- Developer: MoonHood
- Publisher: Fast Travel Games
- Directors: Klaus Lyngeled; Olov Redmalm;
- Producer: Dominic Kendrick
- Designer: Martin Blomkvist
- Programmer: Ola Sivefäldt
- Artist: Victor Becker
- Writer: Olov Redmalm
- Composer: Joel Bille
- Engine: Unreal Engine 5
- Platforms: PlayStation 5 Windows Nintendo Switch 2
- Release: PlayStation 5, Windows May 8, 2025 Nintendo Switch 2 March 26, 2026
- Genre: Adventure
- Mode: Single-player

= The Midnight Walk =

2025 video game

The Midnight Walk is an adventure video game developed by MoonHood and published by Fast Travel Games. It was released on PlayStation 5 and Windows on May 8, 2025, with support for virtual reality devices. The game is split into five major chapters, with each telling a self-contained story revolving around the overarching themes of fire and darkness.

The Midnight Walk received positive reviews from critics.

==Gameplay==
The Midnight Walk is a first-person adventure video game. The game is set in a world completely engulfed by darkness. The player character is known as "the Burnt One", who befriends a creature called "Potboy" and helps protect him from monsters eager to consume his flame. While the main goal of the game is to escort Potboy to the summit of Moon Mountain, the game is split into six major chapters, with each telling a self-contained story revolving around the overarching themes of fire and darkness.

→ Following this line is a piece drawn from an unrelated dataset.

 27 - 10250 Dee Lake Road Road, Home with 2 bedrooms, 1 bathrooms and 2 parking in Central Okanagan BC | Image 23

It is a linear game which is playable on both standard screens and virtual reality devices. The game does not have a combat system. The player needs to use Potboy's flame and matches collected in the game's world to burn candles, illuminating the areas around them. Dangerous monsters will avoid brightly lit areas, allowing the two characters to progress. Eventually, the player will acquire a matchlock, allowing them to shoot matches and light candles from afar. A key mechanic to solve puzzles in the game involves the player character closing their eyes and listening for audio cues which will direct the players to their objectives. This blinking mechanic can also reveal secrets of the game's world, remove obstacles, and stop hostile attacks.

==Synopsis==
In a world made entirely of arts and crafts, the once peaceful landscape has been submerged in eternal darkness ever since the sun has died out, resulting in nightmarish creatures to crawl from the shadows and caused the inhabitants to commit horrendous acts due to their desperate need for fire. Eventually a character known as the Burnt One meets a small candle-like being called Potboy and the two venture off to the Midnight Walk, where they must traverse to the top of Moon Mountain and bring light back to the world while avoiding ravenous monsters who want to consume Potboy's flame, including the living embodiment of the Dark itself.

==Development==
The Midnight Walk was developed by MoonHood, with Fast Travel Games publishing the title. MoonHood is made up of developers from Zoink, who formerly worked on Lost in Random and Ghost Giant. The game was created using more than 700 clay models that were 3D-scanned into the game. Stop motion animation was utilized to animate character movement. The team described The Midnight Walk as a "cozy horror adventure", and that the main themes of the story revolve around "light, darkness, and fire". The team was inspired by Over the Garden Wall, The Nightmare Before Christmas, The Little Match Girl, Half-Life 2 and works of David Lynch and H.C. Andersen while creating the title.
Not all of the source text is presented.